Monday, July 27, 2009

Session Three, Walking a Straight Line

     It is important to perform core strength and balance exercises in positions other than an upright stance.  Positions such as kneeling alter your center of gravity.  This challenges your brain to adapt to a different pattern of weight distribution.  Practicing the exercises below will help you to participate in physical activities that require a kneeling position, such as gardening.

Pushup Plank/Two Point Balance - works glutes, shoulders, upper arms, and lower and upper back muscles; engages core stabilizers
Step One:  Keeping your back straight and your head in line with your spine, assume the pushup position on the disc.  Your hands should be slightly wider than shoulder width apart.
Step Two:  Tighten your abdominal muscles and extend one leg behind you.  Concentrate on contracting your glutes as you lift your leg.  Your lower back should not be arched.  Hold for a count of two.  Slowly bring your leg back to the starting position.  Repeat.  Perform 2-3 sets of 10 repetitions per leg.

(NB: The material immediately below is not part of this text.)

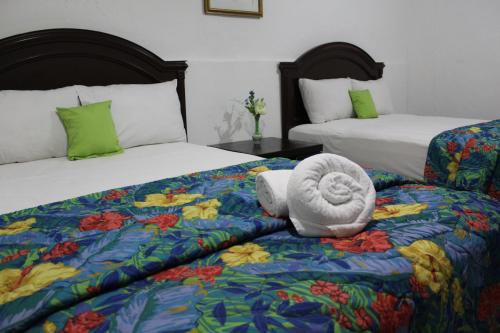 梅里达埃尔熙德酒店的酒店客房,配有两张床,床上配有毛巾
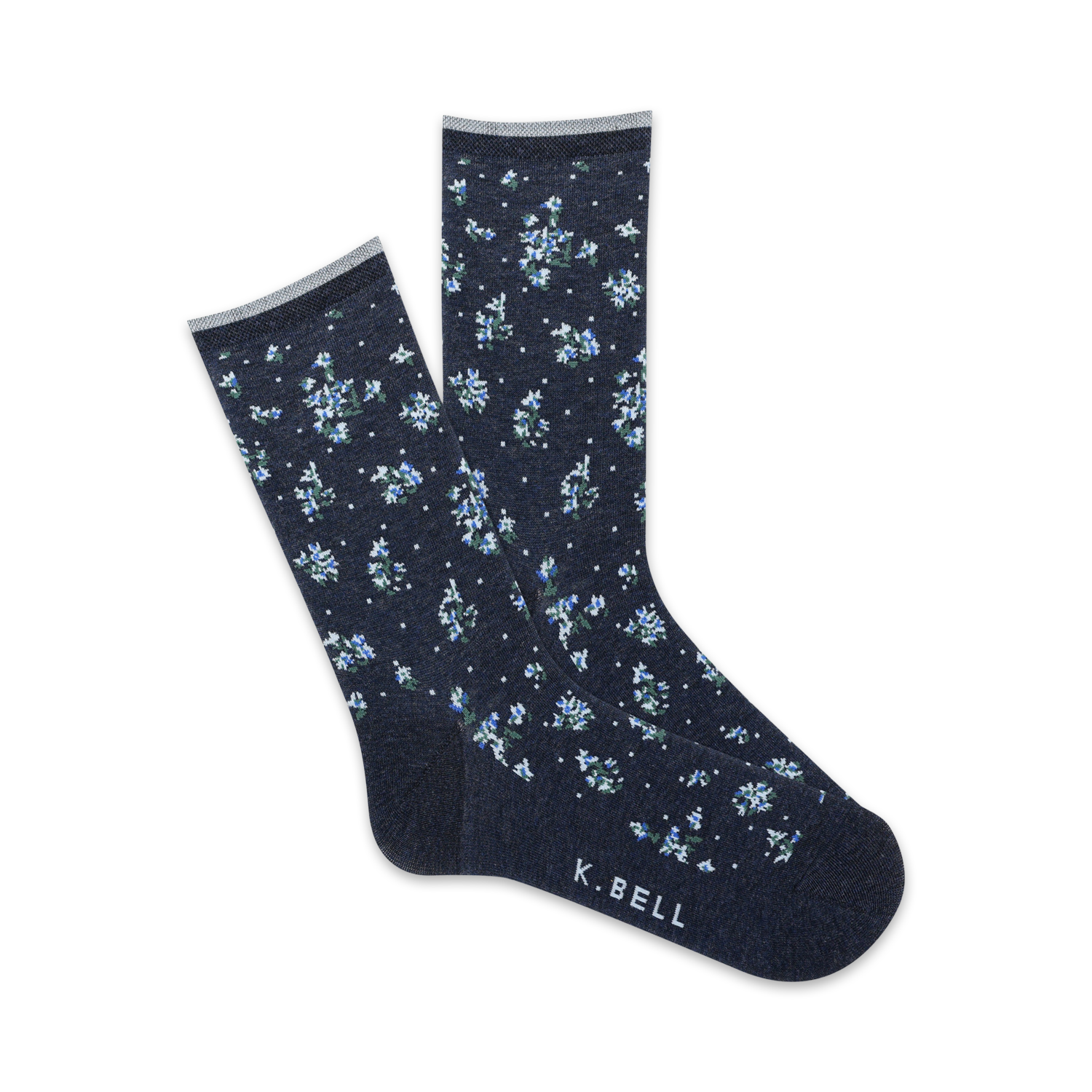 Close-up view of navy blue crew socks with a tiny white floral pattern. Pink trim at the top and 'K.BELL' logo.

Kneeling on all Fours - works glutes, back extensors, and shoulder extensors; engages core stabilizers
Step One:  Kneel on the disc with your knees shoulder width apart and placed at its center.  Your hands should be flat on the floor in front of you.
Step Two:  While tightening  your abdominal muscles and contracting  your glutes, extend one leg behind you.  Hold for a count of two.  Slowly return to the starting position.  Repeat.  Perform 2-3 sets of 10 repetitions per leg.
Alternate/Challenge:  Follow the instructions for Step Two, but extend your opposite arm as you extend your leg.  Hold for a count of two.  Repeat.  Perform 2-3 sets of 10 repetitions per arm/leg combination.

Note:  Before beginning an exercise program or increasing the intensity level of a current routine, a physician's approval should be obtained, especially for older adults and those at risk for or who currently have chronic health conditions.